I looked away a moment, and on glancing back found the nest empty. On the instant, however, came the sound of my small friend's voice. Such a talkative little person!—not one of your creep-in-and-out-of-the-nest-without-anybody's-knowing-it kind of a bird, not she! Her remarks sounded as if made over my head, and when Billy stamped about the brush and rapped the saddle trying to switch off flies, I imagined guiltily that they were addressed to me; but while I wondered if she would keep away all the rest of the morning because she had discovered me, back she came, talking to herself in complaining tones and whipping her tail impatiently, even after she stood on the edge of the nest, evidently absorbed in her own affairs, quite to the exclusion of the person down in the brush who thought herself so important!
My doves were attending to me, however, altogether too much. The brooding bird was anxious to go to her nest. After flying out where she could see me, she whizzed toward it; but, fearful, hesitated and talked it over with her mate—both birds cooed with inflated breaths. After that the branches rattled overhead, but even then, though my back was turned, the timid bird dared not stay. She must make another inspection. From an opposite oak she peered through the branches, moving her head excitedly, and calling out her impressions to her mate. Meanwhile, he had flown down the sand stream and called back quite calmly. I, also, cooed reassuringly to her, and soon she quieted down and began to plume her feathers on the sunny branch. As the gnatcatchers did not honor us with their attention even when Billy stalked around in plain sight, I moved a little closer to their nest to give the dove more freedom; and soon the gentle bird slipped back to her brooding.
Before leaving I went to see the dove in the oak, and spoke caressingly to her, admiring her soft dove-colored feathers and shining iridescent neck. She was on her own ground there, and felt that she could safely be friends, so she only winked in the sun, paying no heed to her mate when he called warningly. It was especially pleasant to watch this reserved lady-like bird, after the flippant tell-all-you-know little gnat.

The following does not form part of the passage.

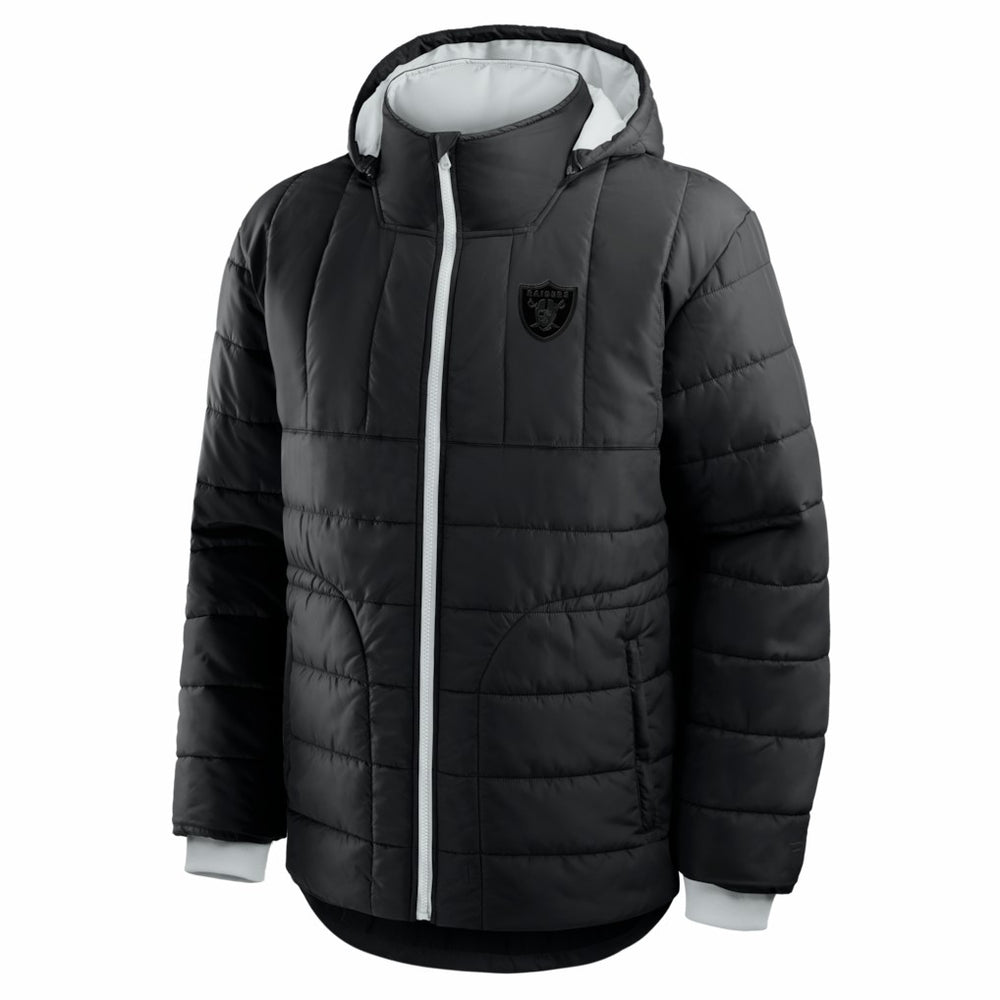 Full-Zip Hooded Jacket - Las Vegas Raiders Jackets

On going away, Billy and I took a run up the canyon. Billy was in high spirits, and went racing up the narrow road, winding and turning through the chaparral, brushing me against the the stiff scrub oak and loping under low branches so fast that the sharp leaves snapped back, stinging my cheeks. We had a gay ride, with a spice of excitement thrown in; for on our way home, in the thick dust across our path, besides the pretty quail tracks that made wall-paper patterns on the road, were the straight trails of gopher snakes, and the scalloped one of a rattlesnake we had been just too late to meet.
At our next session with the blue-grays, when she was on the nest, her mate came back to relieve her and cried in his quick cheerful way, "Here I am, here I am!" Either she was taking a nap or didn't want to stir, for she didn't budge till he called insistently, "Here I am, here I am!" Then he hopped down in her place, and raising his head above the nest, remarked again, as if commenting upon the new situation, "Here I am!"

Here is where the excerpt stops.